WHAT TO WORK ON |
Transcribe the data exactly. Leave nothing out.

-------- GIVEN INFORMATION

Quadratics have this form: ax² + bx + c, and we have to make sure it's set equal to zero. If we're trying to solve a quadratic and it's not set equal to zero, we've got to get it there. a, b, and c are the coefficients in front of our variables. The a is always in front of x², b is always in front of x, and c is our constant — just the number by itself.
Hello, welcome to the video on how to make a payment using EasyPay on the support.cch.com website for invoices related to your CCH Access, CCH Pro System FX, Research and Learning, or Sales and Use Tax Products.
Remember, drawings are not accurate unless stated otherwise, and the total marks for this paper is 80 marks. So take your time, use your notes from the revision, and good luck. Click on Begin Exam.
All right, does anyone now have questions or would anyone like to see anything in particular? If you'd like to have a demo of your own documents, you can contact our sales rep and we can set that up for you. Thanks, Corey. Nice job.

----------------

ANSWER TO THIS TASK |
Quadratics have this form: ax² + bx + c, and we have to make sure it's set equal to zero. If we're trying to solve a quadratic and it's not set equal to zero, we've got to get it there. a, b, and c are the coefficients in front of our variables. The a is always in front of x², b is always in front of x, and c is our constant — just the number by itself.
Hello, welcome to the video on how to make a payment using EasyPay on the support.cch.com website for invoices related to your CCH Access, CCH Pro System FX, Research and Learning, or Sales and Use Tax Products.
Remember, drawings are not accurate unless stated otherwise, and the total marks for this paper is 80 marks. So take your time, use your notes from the revision, and good luck. Click on Begin Exam.
All right, does anyone now have questions or would anyone like to see anything in particular? If you'd like to have a demo of your own documents, you can contact our sales rep and we can set that up for you. Thanks, Corey. Nice job.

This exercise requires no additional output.